For someone with one of the oldest memes in existence as their profile picture, you have little room to talk. 

And people should learn about PiHole.


----------



## Alexander1970 (Sep 26, 2022)

It´s the same Question as  "Will you still be using Youtube services in the future ?"      

As long as the Youtube Ad blocking Apps / Plug ins from Firefox are working - yes.


----------



## JuanBaNaNa (Sep 26, 2022)

Alexander1970 said:


> It´s the same Question as  "Will you still be using Youtube services in the future ?"
> 
> As long as the Youtube Ad blocking Apps / Plug ins from Firefox are working - yes.


I'm not sure, but reports says they're _killing_ Ad-Blockers.

The way I interpreted this sentence is: "No matter whet device, Google will force Ads by killing Ad-Blockers"

It's not like just in Chrome and YouTube in your Wii, but in general.
That's terrifying in my opinion, well... not terrifying, but in a sense of monopolization... 

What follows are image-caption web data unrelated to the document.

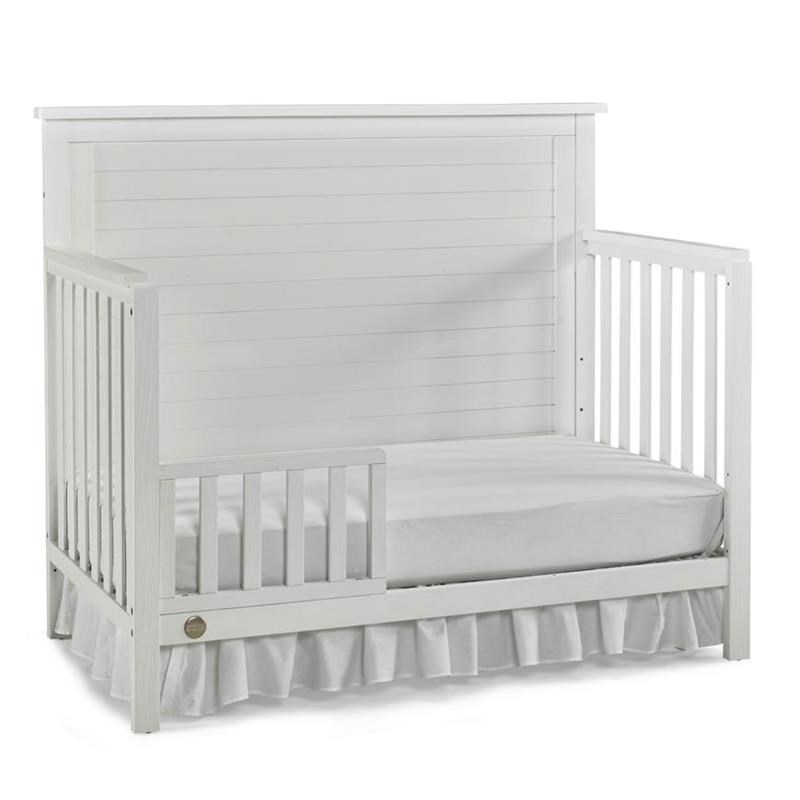 fisherprice quinn convertible crib in weathered white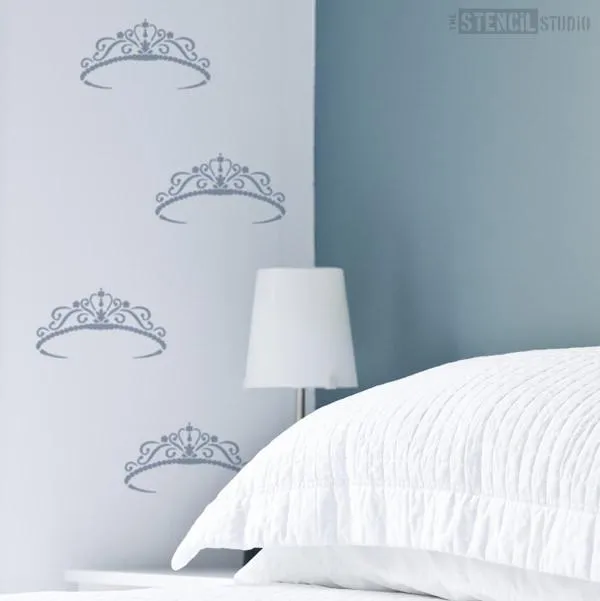 Tiara Stencil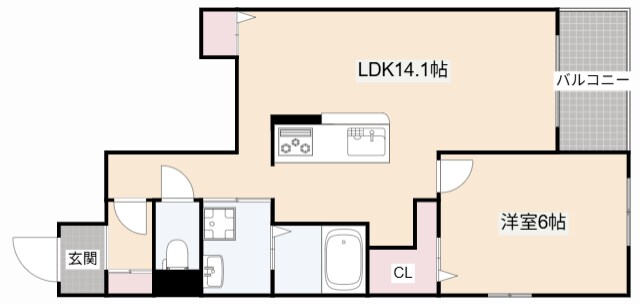パイン　ルーツⅢの物件間取画像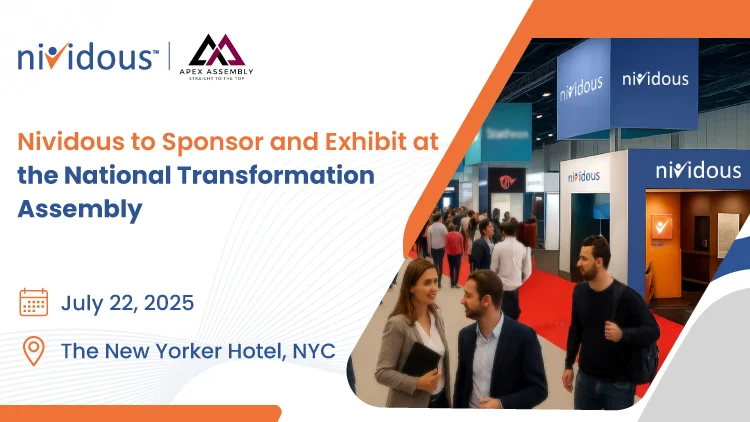 Nividous to Sponsor and Exhibit at the National Transformation Assembly in New York City PR Feature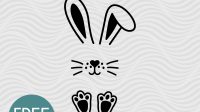 Bunny ears free svg scaled 1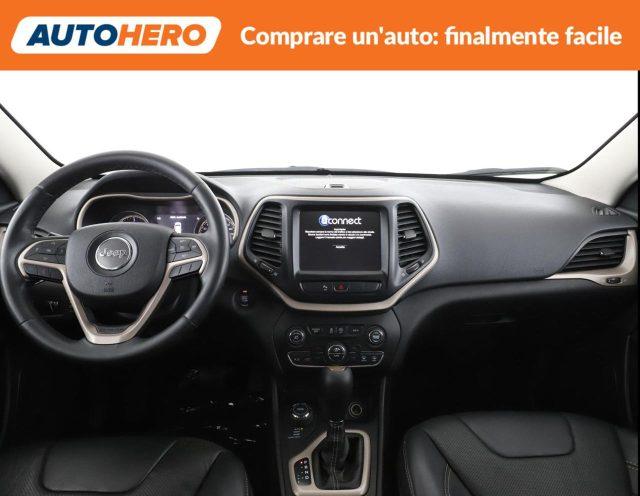 JEEP Cherokee 2.0 Mjt II 170CV 4WD Active Drive I Limited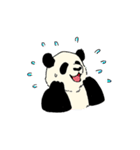 クマざさパンダ（個別スタンプ：9）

We'll see in the future though.


----------



## Alexander1970 (Sep 26, 2022)

JuanBaNaNa said:


> I'm not sure, but reports says they're _killing_ Ad-Blockers.
> 
> The way I interpreted this sentence is: "No matter whet device, Google will force Ads by killing Ad-Blockers"
> 
> ...


I am pretty sure the actual Devs (for these Blocker Add ons) will work "against"....as usual.
And Firefox Team will not "ban" them from their Add On List....I am pretty sure....they need their User.
If they ban such Youtube blocking Add Ons (by the Way,look at the Big List of Youtube DownloaderTools...),they will loose many,many Firefox Users.....I am pretty sure too.


----------



## Reploid (Sep 26, 2022)

Good thing there are out of browser solutions


----------



## Jayro (Sep 26, 2022)

JuanBaNaNa said:


> I'm not sure, but reports says they're _killing_ Ad-Blockers.
> 
> The way I interpreted this sentence is: "No matter whet device, Google will force Ads by killing Ad-Blockers"
> 
> ...


Doesn't sound like anything my VPN + DNS + PiHole can't handle.


----------